Friday | 9 January, 2009
CIO
Blog: Mining For Gems
Sue Bushell 25 January, 2008 10:35:20

CIOs that haven't yet begun to capitalize on Web 2.0 technologies to mine for those hidden gems in the newly available data that can give the business a compelling comparative advantage are in danger of seriously missing the boat.

Web 2.0 provides unprecedented interactivity, including interactivity between users, between users and sites and between sites, experienced software development manager and CIO Alan Perkins noted in a recent conversation. Most CIOs will be familiar with much of the how and why Web 2.0 allows this, Perkins said, but certain technological and functional advances are key, including XML as a lingua franca and a building block for Web services, Asynchronous processing (and all the other aspects of AJAX), and the emergence of several high-level development tools that dramatically speed up development cycles.

This interactive capability provides the opportunity for sites and users to work together in ways previously unforeseen, said Perkins, who has designed and implemented systems for hundreds of companies and who is the proprietor of data mining company Profound Information.

That means

  • Much more (and richer) user content being created and stored so that users, having been provided with better user interfaces, wikis, blogs, forums, partially refreshing pages and a host of GUI-style UI-widgets, will be more able and likely to engage with data capture.
  • Surface mash-ups with Web sites created from a range of sources, for example the way Google maps has been integrated into a wide variety of Web sites
  • Deeper data collaborations between sites and sources providing deeper analysis, better forecasts, more insightful trends

With all that potential waiting in the wings, CIOs, Perkins believes, must begin to explore ways to harness the opportunities presented by this enhanced capability and profoundly greater data content in ways that use it all to provide comparative advantage.

Just look at what's being done at Amazon. By astutely observing user viewing patterns, buying patterns and ratings, Amazon is able to make incredibly insightful recommendations to its users, both in the form of targeted e-mails and on-site recommendations.

But this is just the beginning. Companies will need to learn to harness data from a myriad of public domain sources, eking trends and patterns from apparently separate islands of data and then applying these to what they know about their various trading partners / product lines etc. Beyond that comes the hard stuff: learning to glean quantifiable information from unstructured data by finding ways to structure the data for analysis.
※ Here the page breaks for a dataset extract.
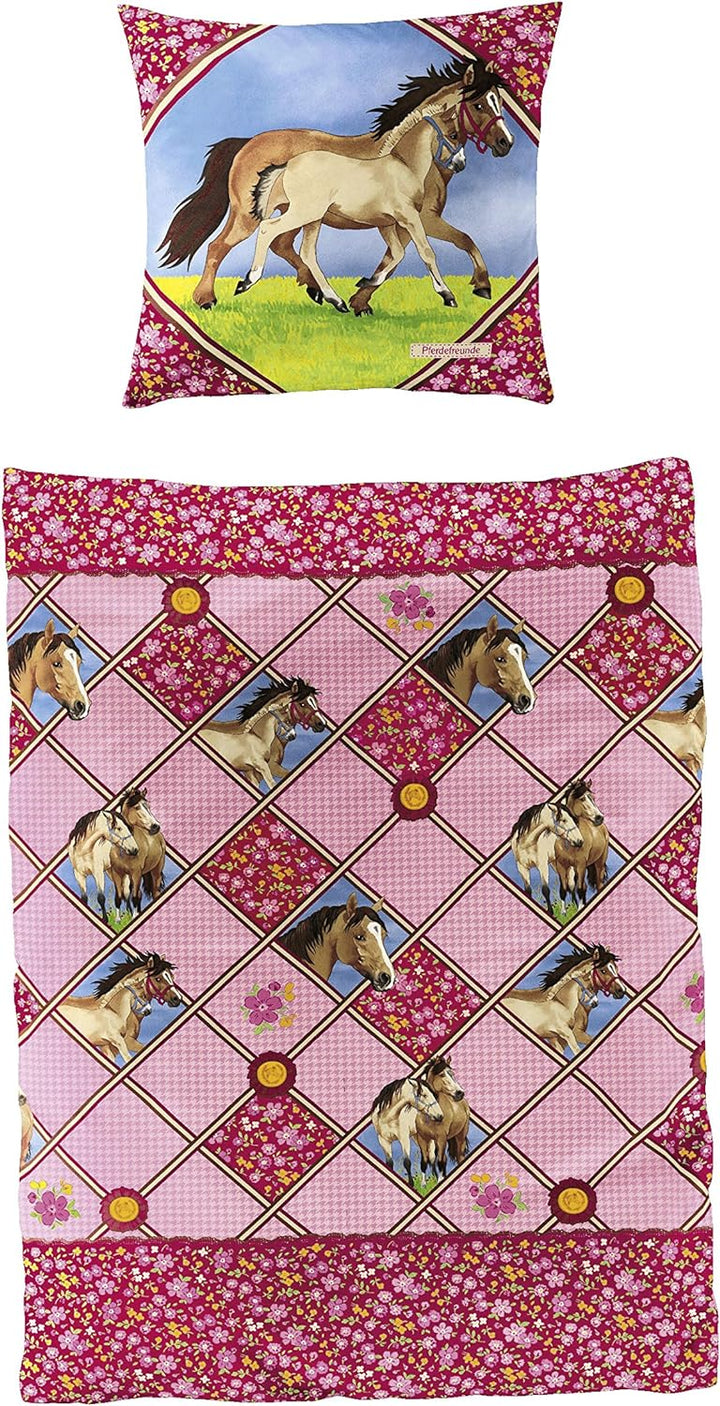 Bierbaum Bettwäsche Pferdefreunde 2343, Renforcé, Made in Germany, pink 01, 135 x 200 cm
Once these problems have been transcended, we will begin to see data warehousing in a wider context - more of a data community warehouse: Here is the data that the world has produced; how a company mines that information and then turns that back outward will determine how successful that company can become.

While interactivity and data capture leading to more and better data is just one aspect of Web 2.0. ultimately Perkins believes CIOs should be focused on the wealth of opportunities arising out of greater access to the fruits of interactivity.